Disclaimer:I don't own FF8. I'm still stuck on the game though. Ugh.
Chapter Three - A New Relationship
With the help of Irvine and Selphie, I managed to get over to Squall's room, and he looked in a lot worse condition then me. His eyes were open, and he was looking around at everyone in the room, nervously. I was right next to his bed, and even though he had a bandage on, I could tell where he had been hurt. He had a large cut on his face, and his eyes looked a little swollen. I leaned down and hugged him.
"Squall...are you alright?" He didn't answer. I looked at him, and I felt again, like I could cry. He didn't speak for a moment, but analyzed me for a moment.
"Excuse me...who are you?" I stopped right there. Squall. . .didn't remember me? I've been worrying about him all this time, and he didn't know who I was anymore? I felt so stupid, I knew everyone would start sympathizing me the moment we left the room. Irvine stepped out to talk.
"She's kind of your girlfriend. You know, Rinoa?" He wrinkled his eyebrows in wonder, as in disbelief he had a girlfriend. I just sat there and looked at him, hoping he would have some kind of memory.
"Well, Rinoa, how long have we been dating?" I tried to smile, to show him some kind of comfort. In all honesty I was the one who needed it.
"About a year." Squall nodded, filing it in his memory. The doctor finally came into the room.
"Alright, I said one person at a time, but, you all need to hear this anyways. Your friend Squall has suffered some injuries to his brain, causing temporary memory loss. Memory loss is really tricky, and it can be regained at any time. This won't be a permanent condition, he'll regain a little bit at a time, and eventually, it'll all come back to him. Right now it's better to just cease all big activities and major relationships in his life, and let him start over on them." I nodded. I knew what that meant. Me and Squall couldn't be together for the time being. It was like he had reset all of his memories, and I had to try to be in the remakes.

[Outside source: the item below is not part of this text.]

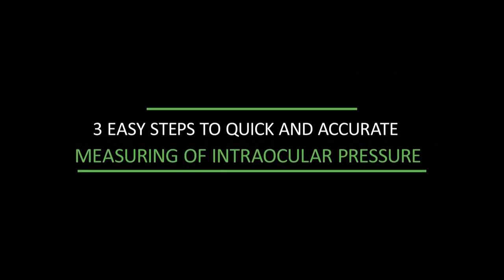It takes three easy steps to measure intraocular pressure quickly and accurately. Getting ready for use.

"You guys, as friends, have to introduce him to the old things, and perhaps that would speed up the process. It will be especially hard for him to remember his relationship status with you guys, and he could walk up to his worst enemy and become friends. Who knows, but that's something he'll have to do on his own. Do you remember anything Squall?" Squall sat there thoughtfully.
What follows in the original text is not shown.